Par contre, rarement avancés, l'égalité, l'équité ou la mixité sociale.
Fausse continuité
La continuité est un leure, car il y a bien " rupture " entre le primaire et le secondaire. Tant de choses sont différentes : la formation des professeurs, l'organisation des cours, modes d'apprentissage, … qu'avancer un " continuum pégagogiques " me semble illusoire, et même si, au sein d'un même PO on tente de garder une certaine unité, cet argument est trop léger que pour le traduire en priorité. En pratique il est déjà difficile de maintenir une même pédagogie entre les professeurs d'un même établissement. Et je peux vouloir un type de pédagogie au primaire, et un autre au secondaire, c'est ma liberté de parent, et celle de l'enfant (à 12 ans, il peut également avoir quelques ambitions, plus réfléchies qu'à 2 ans !). Si l'on veut ériger ces princes en priorité, et être équitable, il faut que chaque école primaire soit adossée à une école secondaire assurant cette même continuité pédagogique. Mais au sortir du primaire, tous les enfants n'ont pas la même destinée, un autre type d'enseignement, une autre pédagogie, … peut mieux répondre à l'enfant. Il n'y a pas qu'un seul flux naturel, traditionnel ; le cursus scolaire n'est pas qu'un long fleuve tranquille. Il faudrait donc que chaque école primaire soit adossée à une " palette " d'écoles secondaires, afin d'offrir un maximum d'opportunités à la sortie, assurant un passage " en douceur " à chaque enfant, quel que soit sont orientation à l'entrée du secondaire. Et pour favoriser un minimum de mixité sociale, chaque école secondaire doit être adossée à une "palette" d'écoles primaires de profils socio-culturels différents.

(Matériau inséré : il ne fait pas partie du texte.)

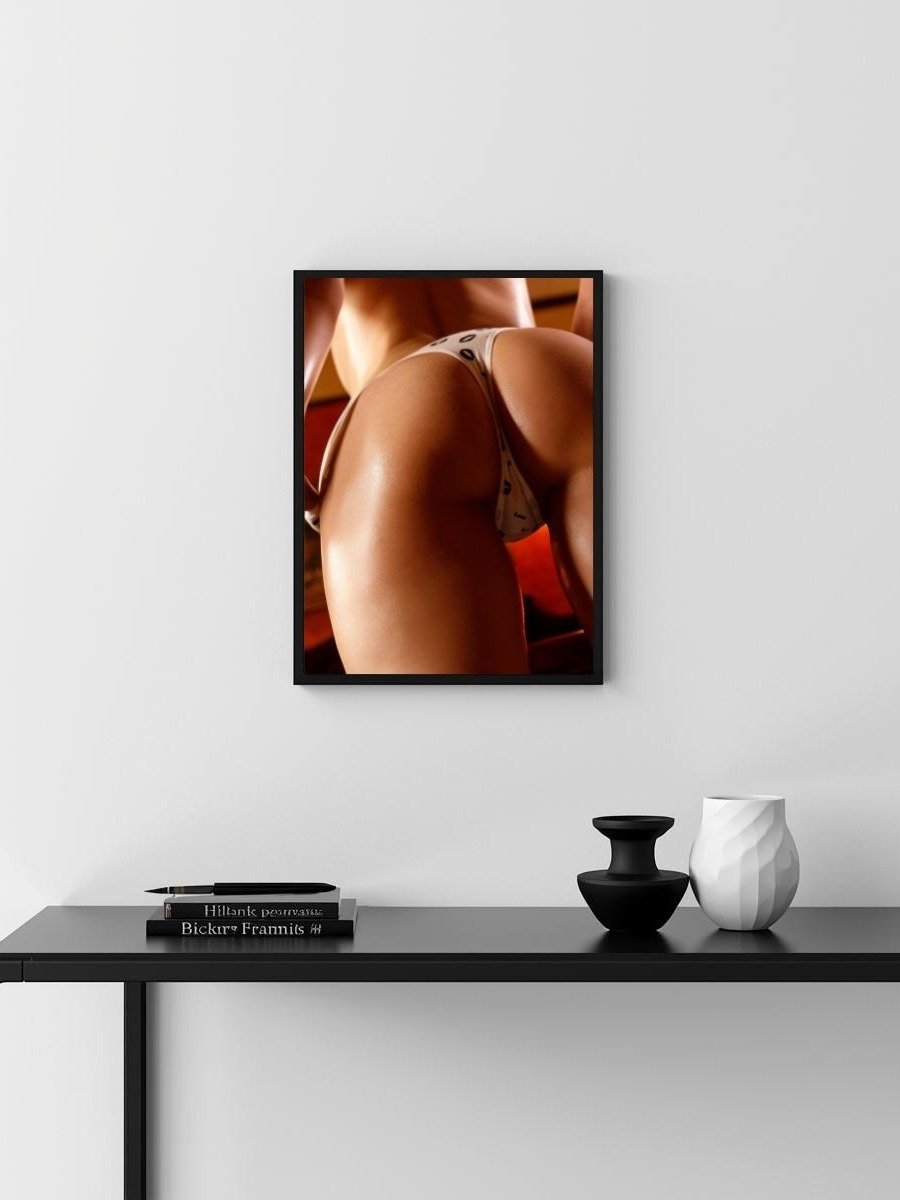 Red Lip Print Thong Back Pose – Glossy 8x10 Metal Print product image (3)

Et comment assurer également une unité de lieu à tous, faut-il des écoles primaires de la même taille que les écoles secondaire ? Si certains trouvent un avantage à rester dans la même enceinte, tant mieux, mais de là à en faire un droit, une priorité, il y a un pas que je ne franchis pas.
Egalité, équité entre enfants
Si un enfant n'est pas accepté dans l'école fondamentale choisie par les parents, doit-il se contenter d'une voie alternative, sans quasiment aucune chance de revenir dans l'école de son choix, ni au primaire, ni au secondaire ? Recalé un jour, recalé, condamné pour toujours ?! Dès l'âge de quelques mois, ces enfants refusés sont déjà "déclassés", de second ordre, toute leur scolarité, ils doivent passer après les autres ?!

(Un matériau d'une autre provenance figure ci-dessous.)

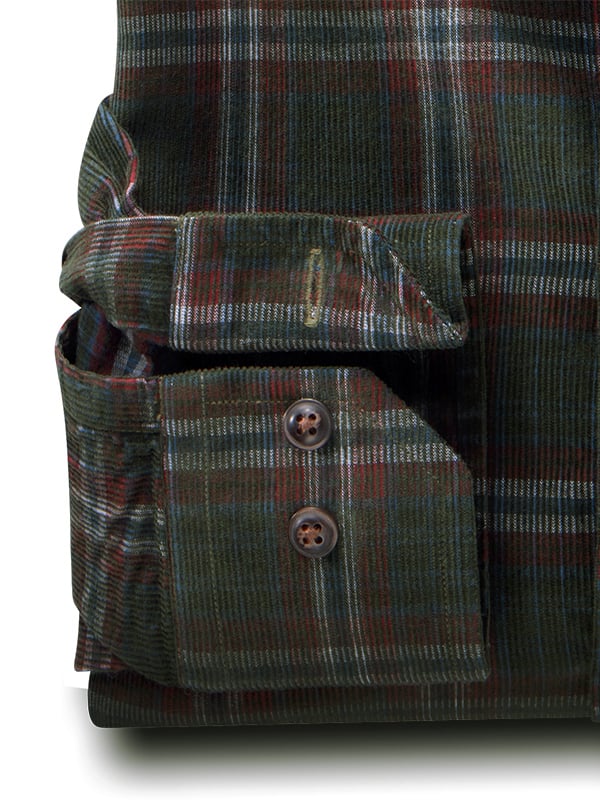 Conners Corduroy Green Check Full Sleeve Tailored Fit Casual Cotton Shirt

Certains parents, n'hésitent pas à inscrire leurs enfants au primaire dans le seul but de lui assurer une place au secondaire, au mépris du bien-être des petits qui passent un temps considérable en transports. N'y a-t-il déjà une discrimination, accessible uniquement aux plus aisés ?
Rarement, voir jamais évoqué, cette ségrégation des enfants confère aux prioritaires un sentiment de supériorité des plus malsains ("Je suis plus que toi, j'ai priorité sur toi, mes parents n'ont pas du faire la file, …") et/ou un sentiment d'infériorité aux autres, car ils ne sont pas issus de la "bonne" école, tout aussi malsains. De plus, ceux-ci auront l'impression de partir avec un handicap par rapport aux autres : s'ils sont prioritaires, c'est qu'ils sont mieux préparés, "meilleurs". Une autre forme de discrimination, entre enfants, totalement gratuite.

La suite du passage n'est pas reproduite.